Department of Bioengineering, University of California, Merced, Merced, CA, USA.
Department of Biological Sciences, Columbia University, New York, NY, USA.
Nat Biotechnol. 2022 Oct;40(10):1520-1527. doi: 10.1038/s41587-022-01307-0. Epub 2022 May 23.
Protein-ligand interactions are increasingly profiled at high throughput using affinity selection and massively parallel sequencing. However, these assays do not provide the biophysical parameters that most rigorously quantify molecular interactions. Here we describe a flexible machine learning method, called ProBound, that accurately defines sequence recognition in terms of equilibrium binding constants or kinetic rates. This is achieved using a multi-layered maximum-likelihood framework that models both the molecular interactions and the data generation process. We show that ProBound quantifies transcription factor (TF) behavior with models that predict binding affinity over a range exceeding that of previous resources; captures the impact of DNA modifications and conformational flexibility of multi-TF complexes; and infers specificity directly from in vivo data such as ChIP-seq without peak calling. When coupled with an assay called K-seq, it determines the absolute affinity of protein-ligand interactions. We also apply ProBound to profile the kinetics of kinase-substrate interactions. ProBound opens new avenues for decoding biological networks and rationally engineering protein-ligand interactions.

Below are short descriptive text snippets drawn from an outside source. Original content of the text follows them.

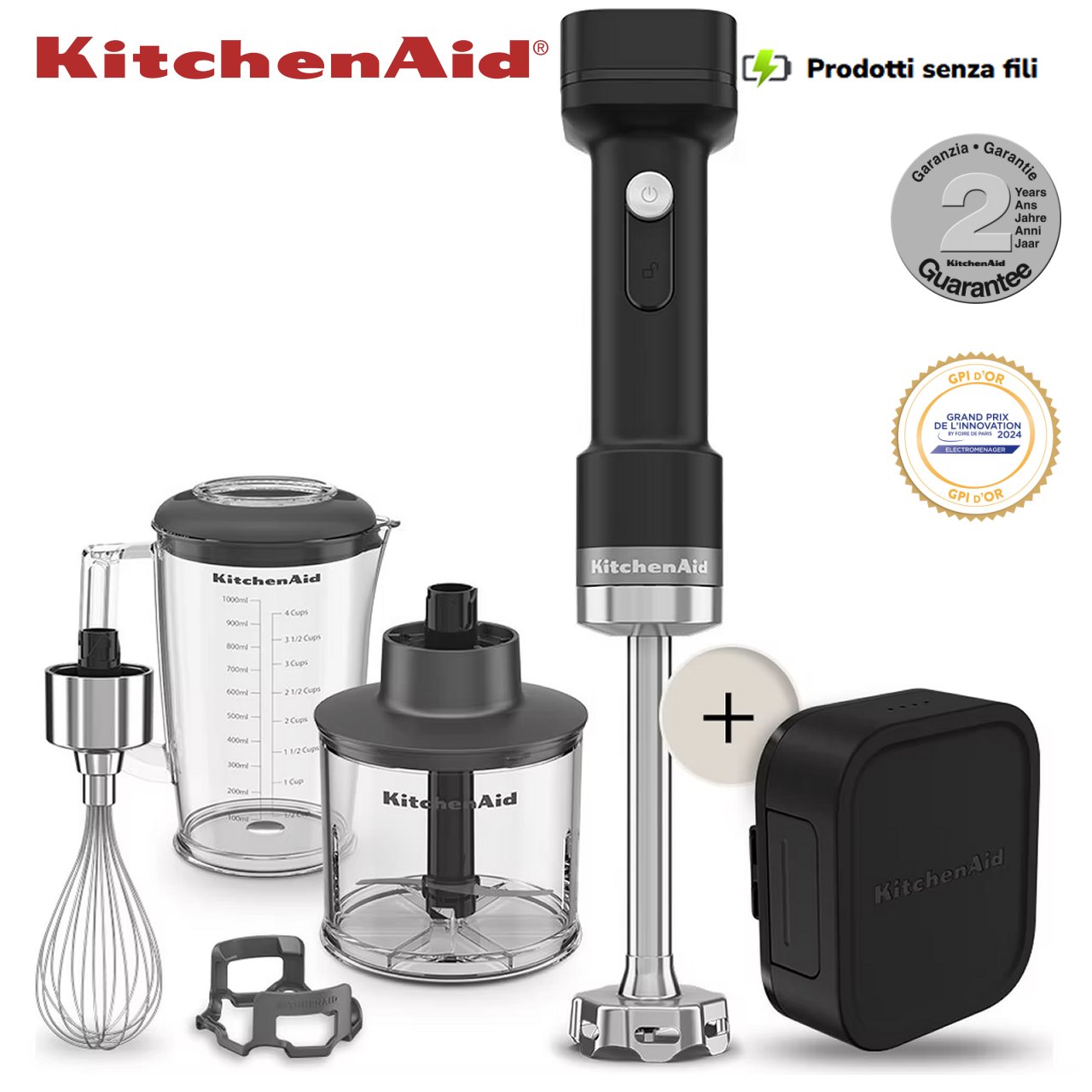 Frullatore a immersione senza fili KitchenAid Go 5KHBRV75BM - immagine 2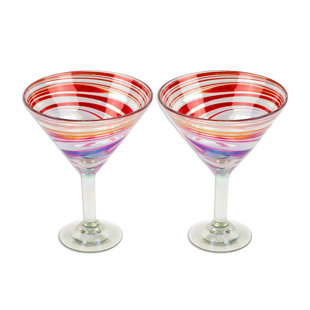 EASTERN ART GLASS HAND MADE MARTINI GLASSES, RED & WHITE SWIRL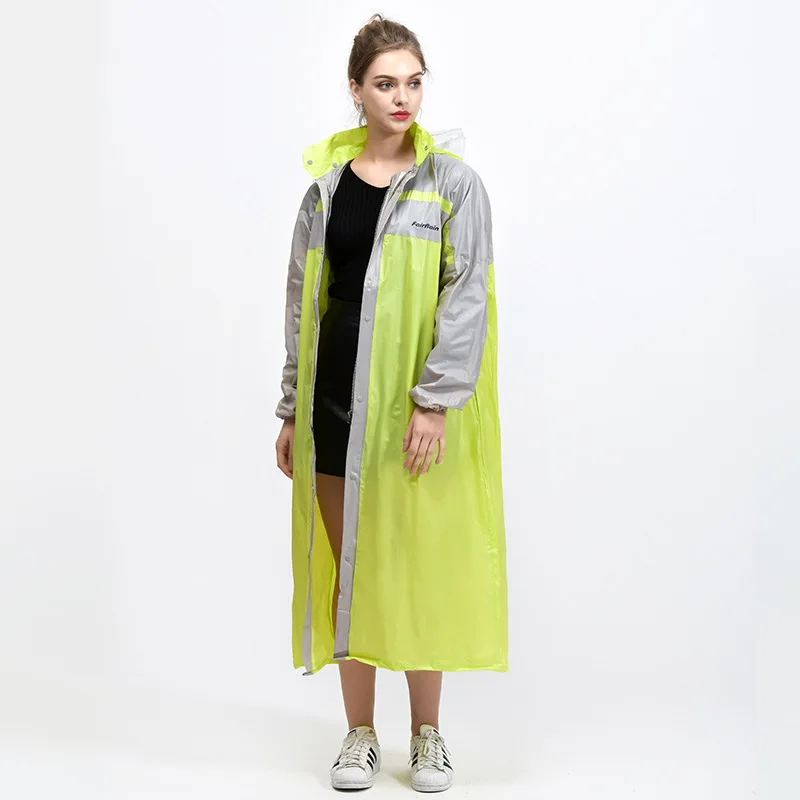 EVA Rainwear Women Men Transparent Hoods Sleeves Reusable Rain Gear Jacket Lightweight Outdoor Raincoat Waterproof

蛋白质-配体相互作用正越来越多地通过亲和选择和大规模平行测序进行高通量分析。然而,这些检测方法并不能提供最严格量化分子相互作用的生物物理参数。在这里,我们描述了一种灵活的机器学习方法,称为 ProBound,它可以根据平衡结合常数或动力学速率准确地定义序列识别。这是通过使用多层最大似然框架来实现的,该框架既可以对分子相互作用进行建模,也可以对数据生成过程进行建模。我们表明,ProBound 使用能够预测结合亲和力的模型来定量转录因子 (TF) 的行为,该模型的预测范围超过了以前的资源;捕捉到 DNA 修饰和多 TF 复合物构象灵活性的影响;并直接从 ChIP-seq 等体内数据推断特异性,而无需峰调用。当与称为 K-seq 的检测方法结合使用时,它可以确定蛋白质-配体相互作用的绝对亲和力。我们还将 ProBound 应用于分析激酶-底物相互作用的动力学。ProBound 为解码生物网络和合理设计蛋白质-配体相互作用开辟了新的途径。